Jones also enjoyed an association with the iconic Marc Bolan and his hit band, T. Rex (1973-1977), in which she sang backup vocals and collaborated with Bolan on numerous recordings. Offstage, Jones and Bolan fell in love, and she became the mother of his Bolan’s only child.
Today, Jones remains a force in the music industry. She has served as musical supervisor for films and re-released her 1973 album “Share My Love” in 2009. She currently is building the Marc Bolan School of Music and Film in Sierra Leone, Africa, with their son, artist Rolan Bolan.
How did you begin your music career?
Gloria Jones: I grew up in Cincinnati, Ohio, for the first seven years, and my Uncle Bob was my baby sitter and a beautiful jazz musician; he used to rehearse in my father’s church. When I was a little girl, he was practicing on his saxophone, and I started playing on the chair as if it were a piano.

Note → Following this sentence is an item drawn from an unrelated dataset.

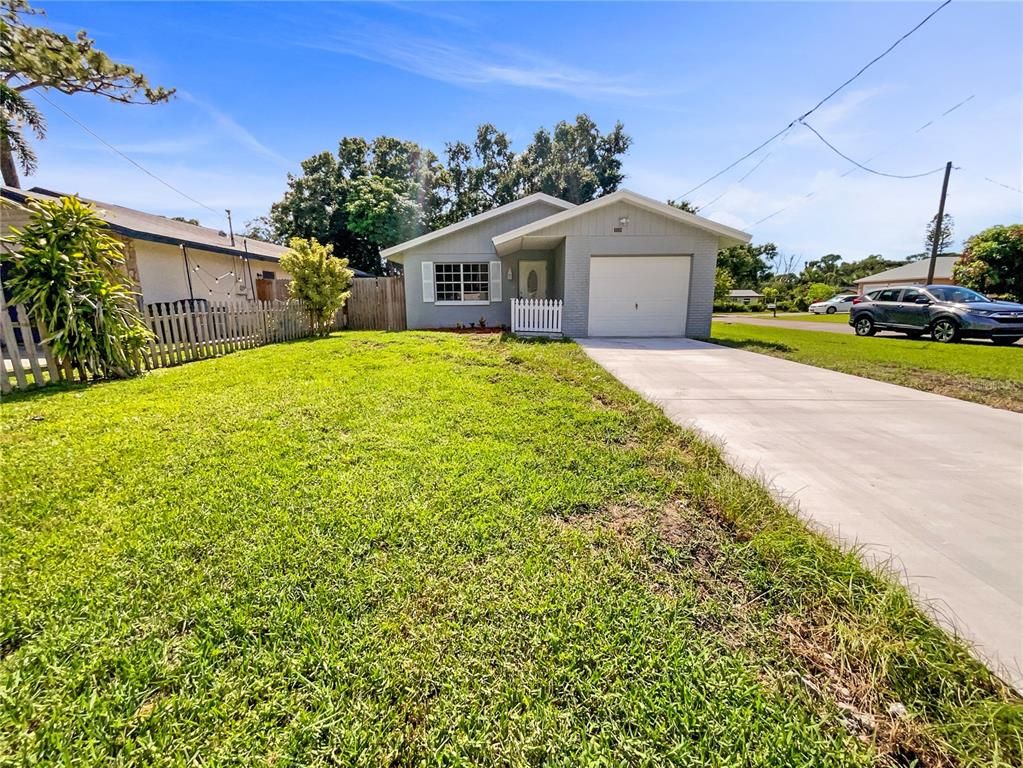 Attached, Backyard, Exterior, Facade, Ranch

Then at the age of 4, my dad asked if I would sing a solo at church. They thought it was just going to be like a little child getting up there; instead it was really emotional, very similar to that of Michael Jackson, having that natural ability. I never knew this until my uncle shared this with me a few years ago.
At age 14, I was with a gospel group for four years, The Cogic Singers, that I formed with Frankie Karhl and Billy Preston. I remember when Billy returned from the Little Richard tour in Germany and had met The Beatles, who were going under another name at the time. He kept talking about this group and said, ‘They are going to be so big.’
To be honest, we were humble, churchgoing, gospel-singing kids. Our life was going to gospel programs, buying a hamburger and having a malt. That was really the sincerity that we took with us in the record industry.
How did you begin your association with Motown?
Jones: Hal Davis discovered us at the church. I would say he was the original sound for Michael Jackson, by teaching him how to present the song with the inflections; he really helped him to become a recording artist. Brenda Holloway, her sister and I started doing background sessions, and we had a really unique sound that was sort of crossing over into the rock world; it brought attention to Hal Davis, and he introduced me to Ed Cobb.
I thought I was signing with Motown, but they really weren’t into that hard Gospel sound; it was more The Supremes. Even though I was with Cobb, I was still doing background work for Motown, and then I began writing with Pam Sawyer. That is how I was able to get the contract to become a songwriter and producer for Motown.
What was your experience at Motown and to work with luminaries as Berry Gordy and The Jacksons, etc.?
Jones: When we were writing at Motown, it was about the best man winning, and Mr. Gordy would say, “The song that you wrote — is someone going to buy a sandwich or are they going to buy your record?” He wanted you to hit the top. I have to tell you, to have been able to be under such a wonderful person, someone who actually saw my gifts as a songwriter and who gave me the opportunity and chance, because here I am, a young girl at 21, 22 years old, and you’re on the elevator and you’re hearing your music on Muzak — where else would that happen? Mr. Gordy is the kindest, most humble and creative person. He loves the art, and he enjoyed young people. He wasn’t that much older than us, but he enjoyed young people and he loved seeing us create and work at the piano. He is a true artist himself.
Motown was just a wonderful atmosphere. When I look back on it, we were all young. Michael Jackson was only 11, but he was telling everyone he was 8. I admired Mr. and Mrs. Jackson so much, because they trusted us and let us come into their home to work with their sons, who are talented musicians.
When Michael recorded “2-4-6-8” he had those beautiful, big eyes that he gave to the world, but he was just a little boy out there playing in the hallway. We were going over the lyrics with him, but he just couldn’t wait to play. Since Pam and I were both young mothers, we knew how to balance, and he had fun with us. We were like, ‘OK, Michael, just give us three more lines, and then after that, you can go and run, do whatever you want to do.’
We would go to their house to present our songs, and Michael was so mischievous. He loved to tease Pam, and she used to tell me, ‘Michael is so cheeky.’ We really had fun and appreciated the whole family.